### TASK GOAL
Copy every line of the data that contains the string "equation".

### SUPPLIED MATERIAL
-*-

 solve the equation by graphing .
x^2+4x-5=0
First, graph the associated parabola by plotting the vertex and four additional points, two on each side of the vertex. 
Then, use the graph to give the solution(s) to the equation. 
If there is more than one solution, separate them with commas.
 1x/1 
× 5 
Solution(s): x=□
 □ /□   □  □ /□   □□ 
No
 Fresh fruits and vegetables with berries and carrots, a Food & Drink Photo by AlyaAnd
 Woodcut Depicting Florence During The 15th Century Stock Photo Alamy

-*-

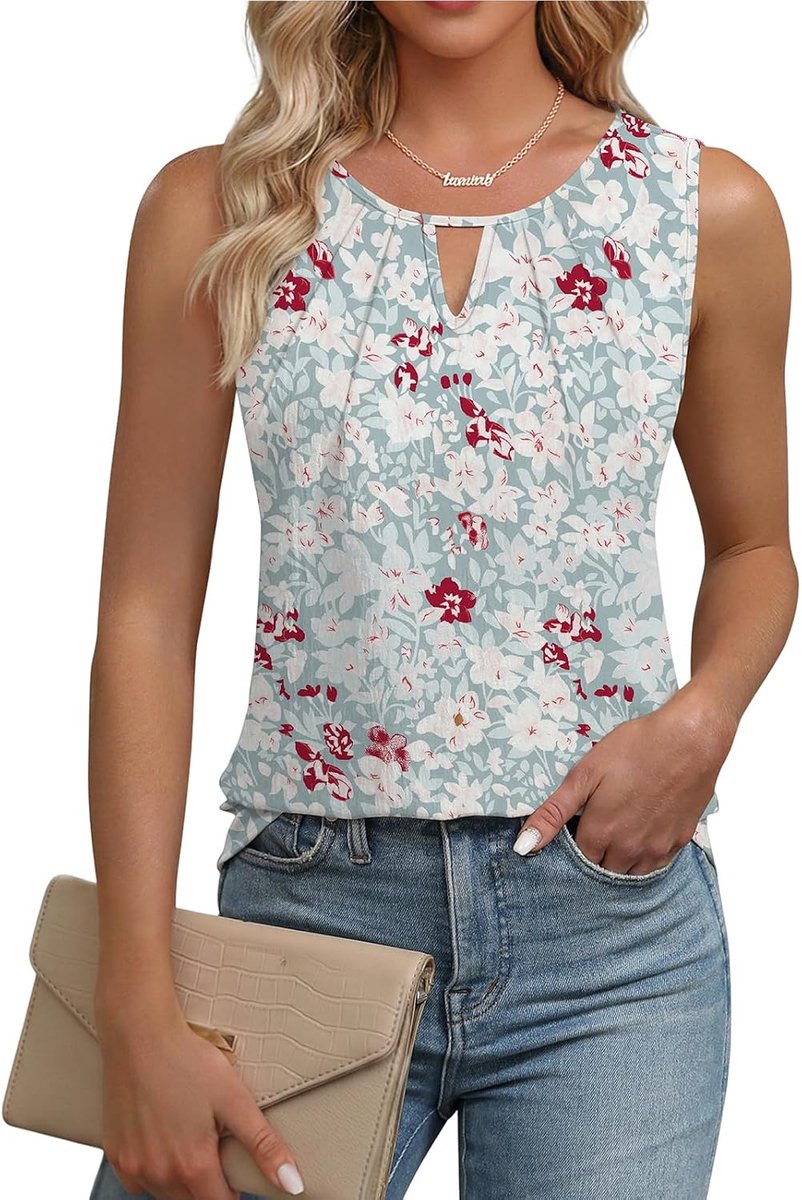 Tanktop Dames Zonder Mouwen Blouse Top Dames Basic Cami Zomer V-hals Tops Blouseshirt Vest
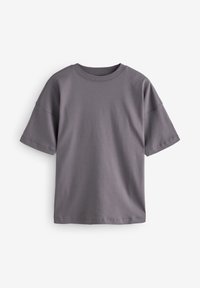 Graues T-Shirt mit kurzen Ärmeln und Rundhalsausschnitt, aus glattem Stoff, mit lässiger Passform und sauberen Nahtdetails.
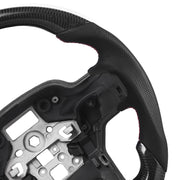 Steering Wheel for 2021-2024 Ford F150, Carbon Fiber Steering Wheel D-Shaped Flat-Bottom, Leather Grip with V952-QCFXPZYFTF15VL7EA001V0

-*-

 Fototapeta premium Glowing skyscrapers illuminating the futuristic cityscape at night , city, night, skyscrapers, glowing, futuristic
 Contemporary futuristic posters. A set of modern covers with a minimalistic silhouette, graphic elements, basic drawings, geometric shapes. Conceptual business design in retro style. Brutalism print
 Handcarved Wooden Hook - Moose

-*-

### RESPONSE BELOW
 solve the equation by graphing .
Then, use the graph to give the solution(s) to the equation. 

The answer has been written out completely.